The director formerly responsible for the Company's account at CHHK will join the Company's new audit firm, DCAW, and will be the director responsible for the Company's account at the new firm.  

 

CHHK’s reports on the financial statements of the Company for the fiscal years ended December 31, 2014 and 2015 did not contain an adverse opinion or disclaimer of opinion, nor were they qualified or modified as to uncertainty, audit scope or accounting principles, except that its report for the fiscal year ended December 31, 2015 contained an emphasis of matter paragraph regarding the Company’s ability to continue as a going concern.
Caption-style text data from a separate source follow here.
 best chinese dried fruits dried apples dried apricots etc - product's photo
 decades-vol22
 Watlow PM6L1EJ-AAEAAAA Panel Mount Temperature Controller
During the Company's fiscal years ended December 31, 2014 and 2015 and through September 19, 2016, there were no disagreements between the Company and CHHK on any matter of accounting principles or practices, financial statement disclosure, or auditing scope or procedure which disagreements, if not resolved to CHHK’s satisfaction, would have caused CHHK to make reference to the subject matter of the disagreements in their reports on the Company's consolidated financial statements for such periods. Furthermore, no reportable events as that term is defined in Item 16F(a)(1)(v) of Form 20-F, occurred within the periods covered by CHHK’s reports on the Company's consolidated financial statements, or subsequently up to the date of CHHK’s dismissal.

 

 

 

 

The Company has provided CHHK with a copy of the foregoing disclosures and has requested that CHHK review such disclosures and provide a letter addressed to the Securities and Exchange Commission (“SEC”) as specified by Item 16F(a)(3) of Form 20-F. Attached as Exhibit 99.1 is a copy of CHHK’s letter addressed to the SEC relating to the statements made by the Company in this Report on Form 6-K.

 

During the Company’s two most recent fiscal years ended December 31, 2014 and 2015 and through September 19, 2016, neither the Company nor anyone on its behalf has consulted DCAW regarding either (i) the application of accounting principles to a specified transaction, either completed or proposed, or on the type of audit opinion that might be rendered on the consolidated financial statements of the Company, and neither a written report nor oral advice was provided to the Company that DCAW concluded was an important factor considered by the Company in reaching a decision as to any accounting, auditing or financial reporting issue; or (ii) any matter that was either the subject of a disagreement or a reportable event as described above.